Follow the step below to start the application.

  1. Open a terminal, navigate to the 1-node-api-idtokenhint folder, and run the following command:

    npm install && npm start

  2. Set up Ngrok:

    Note

    The sample application runs on port 8080. You can visit the sample application by opening the http://localhost:8080 URL. However, to try out the VC flow, the website must be available via a public URL. Let's use Ngrok for this tutorial.

    1. Download and install Ngork on your computer.
    2. Go to the Ngrok directory and open a new terminal.

    3. Run the below command to host the sample application with Ngrok.

      ./ngrok http 8080

  3. Open the displayed public URL, and you'll see the MS verifiable credential sample application.

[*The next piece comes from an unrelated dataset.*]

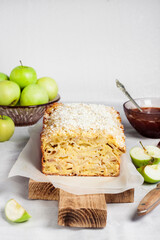 Apple and coconut loaf cake on wooden cutting board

    MS verifiale credential sample

    Note

    Microsoft Verifiable Credentials use the Microsoft Authenticator app as the digital wallet. Hence, prior to trying out the sample, you need to download and install the Microsoft Authenticator app from the Google Play Store or the Apple App Store.

Step 5.2: Get the verifiable credential

To get the KrustyKrab verifiable credential:

  1. Click Get Credential on the above sample website.

    Note

    If everything is configured correctly, the website shows you a QR code.

    issuance of employee credential

  2. Open your Microsoft Authenticator app and go to the Verified IDs tab.

    You'll be able to scan the QR code there.

    scan QR code

  3. Scan the QR and you'll see an option to sign in with WSO2 Identity Server.

  4. Click Sign In with WSO2 Identity Server, and you are redirected to the login page provided by WSO2 Identity Server.

  5. Sign in with the user account you added previously.

    sign in

    After successful authentication, you are redirected to the Microsoft Authenticator app.

  6. Click Add to add the KrustyKrab credential to your wallet.

    add to wallet

You can view the user details you received from WSO2 Identity Server by clicking the verifiable credential card inside the wallet.

Step 5.3: Verify the credential

Now that you have added the KrustyKrab credential to the wallet, you can use it to verify the Krusty Krab employment.

  1. Go back to the home page of the sample website and click Verify Credential.

    presentation of credential type - 1

    If everything is configured correctly, the website shows you a QR code.

  2. Scan the available QR code using the Microsoft Authenticator app, and it will prompt you to share the KrustyKrab credential.

    presentation of credential type -2

  3. Click Share.

The sample website now receives the user details from the KrustyKrab credential.

credentials received

Now that you have successfully configured WSO2 Identity Server as an OIDC attribute provider for Microsoft Entra verifiable credentials, you can continue to harness the full capabilities that WSO2 Identity Server provides by customizing the sign-in flow, enhancing application security, etc.